2. Pinned Worker Task Flow¶

Pinned Worker handles modification tasks, adopts "connection persistence" mode:

sequenceDiagram
    participant Client as Client
    participant Controller as Controller
    participant Manager as Manager
    participant Scheduler as Scheduler
    participant NodeWorker as Node Worker
    participant PinnedWorker as Pinned Worker
    participant Device as Network Device
    participant Redis as Redis Queue

    Client->>Controller: API Request
    Controller->>Manager: Process Task
    Manager->>Scheduler: Select Running Node
    Scheduler-->>Manager: Return Node Information

    alt Pinned Worker Doesn't Exist
        Manager->>NodeWorker: Create Pinned Worker
        NodeWorker->>PinnedWorker: Start New Process
        PinnedWorker->>Device: Establish SSH Connection
        Device-->>PinnedWorker: Connection Success
        Note over PinnedWorker: Connection Persistence
    else Pinned Worker Already Exists
        Note over Manager,PinnedWorker: Reuse Existing Worker
    end

    Manager->>Redis: Task Enqueue (Device Queue)
    Redis-->>Controller: Return Job ID
    Controller-->>Client: Immediately Return Job ID

    Note over Redis,PinnedWorker: Asynchronous Execution
    Redis->>PinnedWorker: Task Distribution
    PinnedWorker->>Device: Execute Command (Reuse Connection)
    Device-->>PinnedWorker: Return Result
    PinnedWorker->>Redis: Store Result
    Note over PinnedWorker: Keep Connection, Wait for Next Task

    Client->>Controller: Query Task Status
    Controller->>Redis: Get Result
    Redis-->>Controller: Return Result
    Controller-->>Client: Return Task Result

Technical Features¶

NetPulse improves system performance, availability, and scalability through the following three core designs:

Feature Dimension	Core Feature	Actual Effect
Performance Optimization	Persistent SSH Connection	In frequent operation scenarios, can reduce connection establishment time, improve response speed
Availability	Distributed Multi-Node Architecture	Supports multi-node deployment, when single point fails, can continue service through other nodes
Scalability	Plugin Architecture	Extend functionality through plugin mechanism, no need to modify core code

Performance Optimization: Persistent Connection Technology¶

Background: Traditional methods need to establish new connection for each operation, connection establishment process usually takes 2-5 seconds.

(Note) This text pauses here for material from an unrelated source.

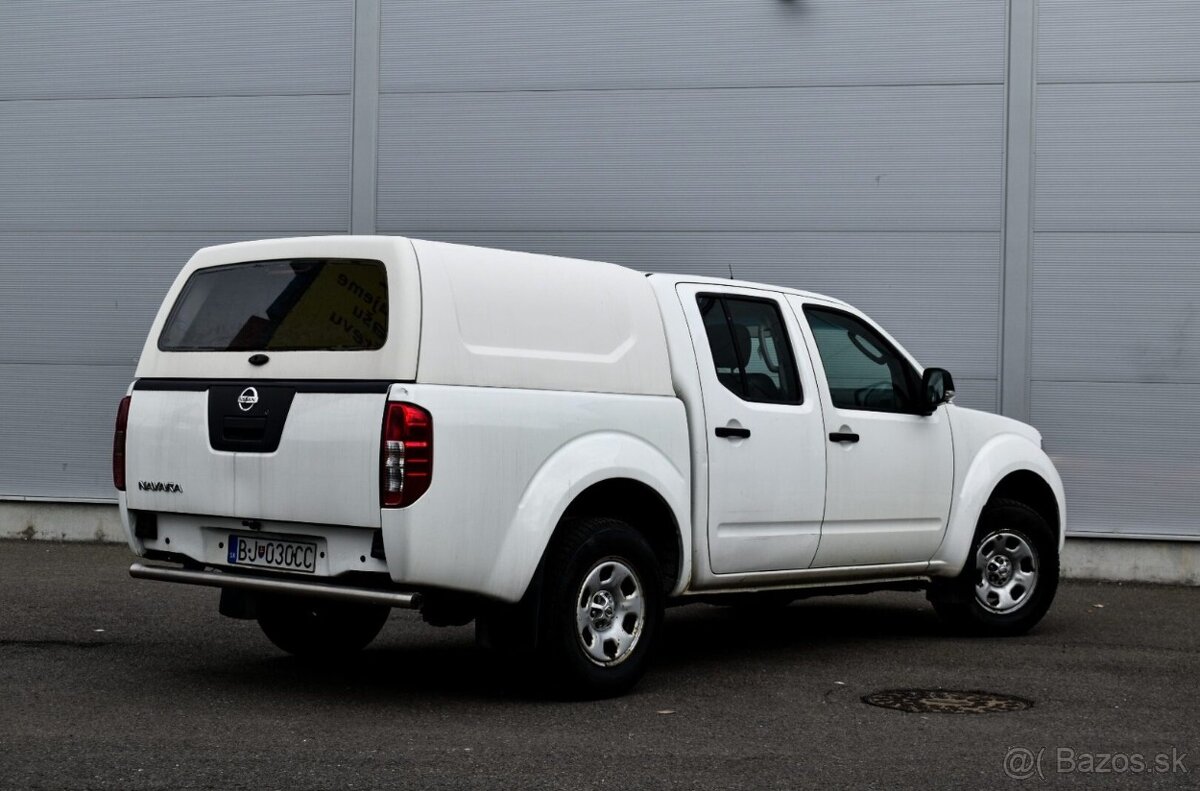 Nissan Navara DoubleCab 2.5 dCi FE - 3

Implementation: Pinned Worker maintains persistent SSH connection with device, reuses connection to execute tasks.

Effect: - In scenarios where the same device is frequently operated, can avoid overhead of repeated connection establishment - Actual performance improvement depends on network environment, device response speed, and other factors - Helps improve connection success rate (reduce failures that may be caused by frequent connections) - Reduce resource consumption (reduce overhead of connection establishment)

Availability: Distributed Architecture Design¶

Core Capabilities: - Multi-Node Deployment: Supports multi-Controller, multi-Worker node deployment - Fault Handling: When Worker fails, cleanup and reassignment will be performed - State Synchronization: Multi-node state synchronization based on Redis

Deployment Methods: Supports Docker Compose and Kubernetes deployment.

Scalability: Plugin Architecture¶

Design Philosophy: Extend functionality through plugin mechanism, drivers are one type of plugin.

Supported Extensions: - Device Drivers: Can add new device drivers (currently supports Netmiko, NAPALM, PyEAPI, Paramiko, etc.) - Template Engines: Can add new template formats (currently supports Jinja2, TextFSM, TTP, etc.) - Scheduling Algorithms: Can add new scheduling strategies (currently supports greedy, minimum load, etc.) - Notification Mechanisms: Can add new Webhook implementations

Extension Method: Inherit corresponding base class, create class in plugin directory, system will automatically discover and load.

Learn More

For detailed plugin system introduction and development guide, please refer to Plugin System.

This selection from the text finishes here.